EN SUIVANT UN TRIO D’ACTIVISTES ÉCOLOGISTES RADICAUX LANCÉS DANS UNE OPÉRATION DE GRANDE AMPLEUR, KELLY REICHARDT TRANSCENDE LE CADRE DU THRILLER.

Night Moves

DE KELLY REICHARDT. AVEC JESSE EISENBERG, DAKOTA FANNING. 1 H 48. DIST: TWIN PICS.

8

Entamé il y a une vingtaine d’années déjà, le parcours de Kelly Reichardt l’a vue s’imposer, en toute discrétion, comme l’une des figures de proue du cinéma indépendant américain. Après avoir revisité, en mode minimaliste s’entend, le road-movie dans Old Joy et Wendy and Lucy, puis le western dans Meek’s Cutoff, la voilà qui s’empare aujourd’hui d’un autre genre classique, le thriller, qu’elle emmène en terrain éminemment personnel à la faveur de Night Moves. Comme plusieurs de ses films, ces virées nocturnes, primées l’an dernier au festival de Deauville, ont pour décor l’Oregon, et sa nature souveraine. C’est là que l’on découvre Josh (Jesse Eisenberg), employé d’une ferme biologique doublé d’un militant écologiste radical qui, las d’assister, impuissant, aux atteintes dévastatrices portées à l’environnement, va se décider à agir. Et de monter une opération de grande envergure en compagnie de deux autres apprentis activistes, Dena (Dakota Fanning), une jeune idéaliste, et Harmon (Peter Sarsgaard), l’homme de l’ombre…

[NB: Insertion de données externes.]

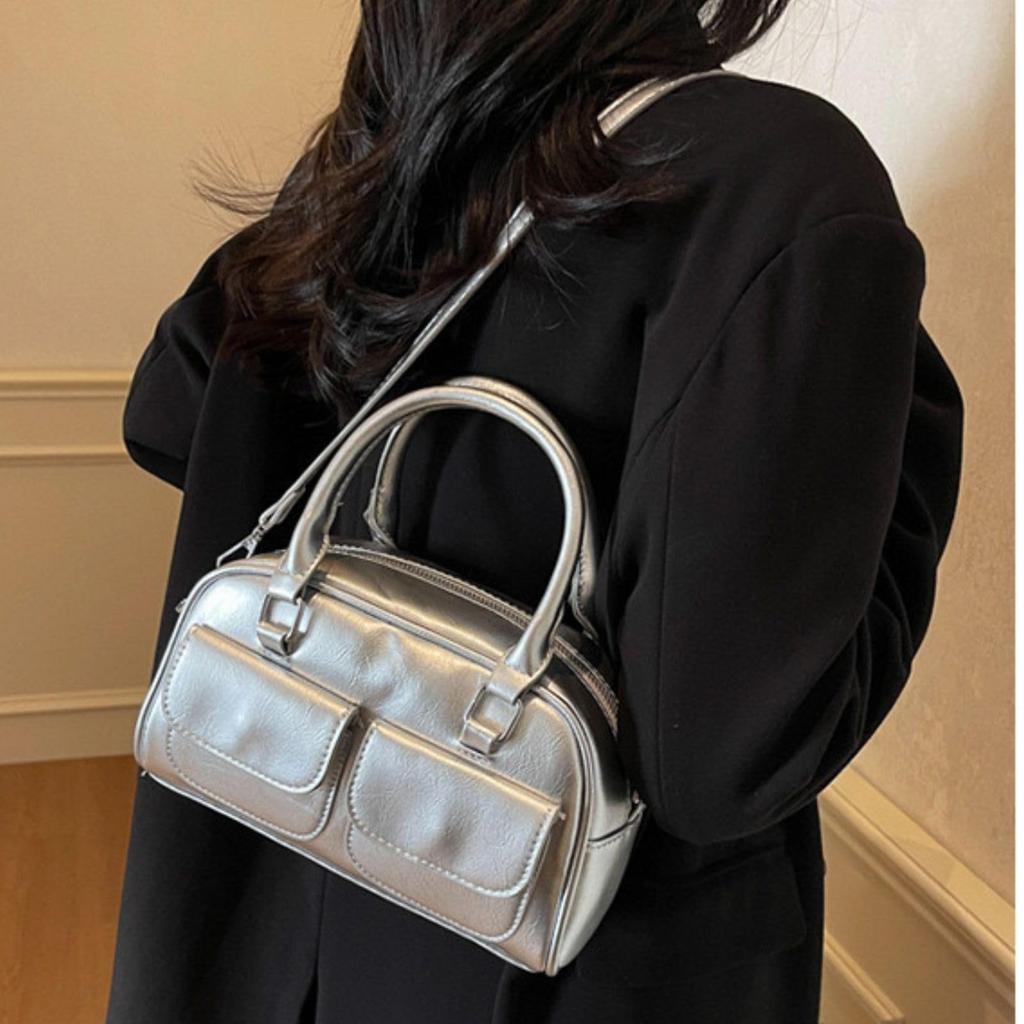 Harujio Mini Boston Tasche mit doppelter Tasche, Umhängetasche, Boston Tasche, Horizontale Tasche, Damen, 2-Wege, Klein, Horizontal, Umhängetasche, Crossbody Tasche,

Si l’ouverture du film laisse augurer d’un pensum discursif à l’excès, cette crainte est bien vite dissipée, Kelly Reichardt appréhendant les événements à suivre à la manière d’un film de casse. Les préparatifs bouclés dans les règles de l’art (le Fleischer de Armored Car Robbery n’aurait pas désavoué), son film progresse en un crescendo de suspense, tout en voyant ses enjeux ne plus finir de s’ouvrir, pour questionner, en un glissement proprement envoûtant, l’activisme politique et son corollaire, la mise des idéaux à l’épreuve des faits. Si la réflexion est assurément aiguisée, l’un des mérites de Night Moves est de maintenir l’humain au coeur de son propos, à travers les tiraillements qui ne manquent pas de se faire jour entre ses trois protagonistes; un cap d’autant plus passionnant que la réalisatrice laisse s’installer une certaine ambivalence, certes pas étrangère à la densité du film. Brillante sans ostentation, fluide comme le mouvement d’une barque sur des eaux au calme trompeur, la mise en scène fait le reste, portée par une grâce précaire qui achève d’inscrire le film à cet endroit précis où l’innocence s’estompe. On se laisse absorber par cette équipée nocturne dans un mélange de vague inquiétude et de troublante fascination, pour en ressortir durablement secoués; confrontés, l’air de rien, à nos propres contradictions, avec, pour nous accompagner, le souvenir tenace de Jesse Eisenberg, extraordinaire, si loin et si proche à la fois. Un grand film, beau et dérangeant.